I have mentioned before that my friends and I frequently go to the theatre to watch what is a very good and very large anglophone drama group. They put on some fabulous stuff and we get to watch plays and musicals that we probably wouldn't otherwise get to see. Simply Theatre is the kids group - ages 18 and under - so when I saw an ad for their latest show - The Magic Toy Shop - my friends and I booked for last Saturday. The show started at 17.30h so we figured it was going to be the younger kids performing, but in fact it turned out to be a simple two-man show, but which was excellent. The main protagonist, "Charlie", went to the magic toy shop as he wanted to be come a wizard's apprentice. The wizard - who conveniently enough was looking for an apprentice (how about that for a coincidence) - decided to set Charlie some tasks to see if he was worthy of becoming his apprentice! It took place on the small stage at the Academy itself and as people walked in Charlie and the Wizard greeted everyone and somehow managed to make a running list of the names of all the "important" people - i.e. the little kids - as they walked in. They called out to the kids by name asking for their help and put on what turned out to be such a great little show. We were the only ones without a little kid with us but it was so, so worth it. All the more so for me as I had a real little giggler sitting next to me and it was a joy to listen to her!


Then on Sunday, our local town held, for the first time, the Foire des Loisirs Créatifs (Creative Hobbies' Fair, I guess). This Fair was usually held in either Lyon or Grenoble but apparently having it in my local town was a roaring success, by all accounts.  Here's hoping it will be repeated. Not exactly a big Fair but good nonetheless. Rather foolishly I bought myself a couple of cross-stitch projects. Goodness knows when I will get time to do those but they were so pretty I just couldn't resist. And, being goody two-shoes, my friend and I decided to walk there and back so got in a 90-minute walk to boot.

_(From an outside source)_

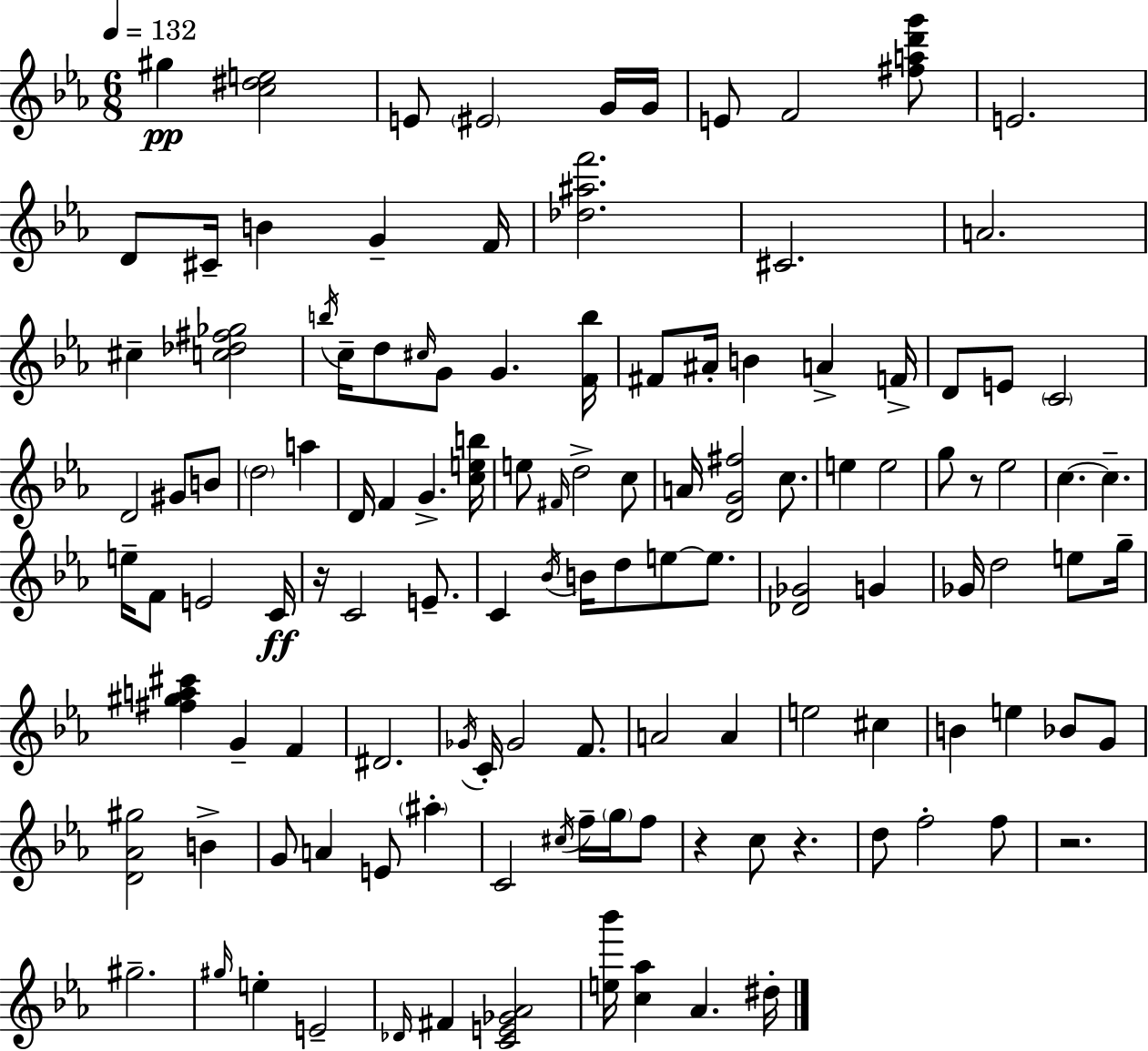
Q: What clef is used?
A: treble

In fact, the ladies from my patchwork group were exhibiting some of their work there also and it really was very impressive!

On a totally different subject, a colleague hopped on the same bus to work as me this morning and we got chatting, as you do. Her mom and dad are over from England for three weeks and she was telling me that the neighbours' kids (aged about 7 or 8 I think) asked if they could "borrow" dad to take him to school for show and tell! Dad went along very happily, said there were some "bright little buttons" in those classes and was delighted to be prize exhibit no. 1 as the "funny little foreign man". I told her she should have sent her mom in too as her mom is German, but they thought  "one funny little foreigner" was probably enough for one day. He was really tickled when the kids asked if we had wild animals in England - he should have said yes, lions and tigers and bears, oh my! But I thought it was great that he went along with it all so willingly.

Which got me to thinking ..... year ago, my husband's nephew mailed to us here in France a "flat Stanley" (only this guy was "flat Justin" - for obvious reasons). For those that don't know, flat Justin was a school project that the kids sent wherever they could to friends and family all over to see how far he could travel in the given length of time. In our case flat Justin was about 4 feet tall and folded up nicely into an envelope to make his travel plans easier. We took flat Justin down to our favourite local restaurant and got the owners and kitchen staff to pose, somewhat emabarrasingly, for a photo with flat Justin before he was sent back to his home in Pittsburgh. Aaah, the things you do for kids eh!

Flat Justin


6 comments:

  1. It is fun to humor a kid. I love that your friend's dad went as show and tell. I also think it is wonderful that you went to see The Magic Toy Shop.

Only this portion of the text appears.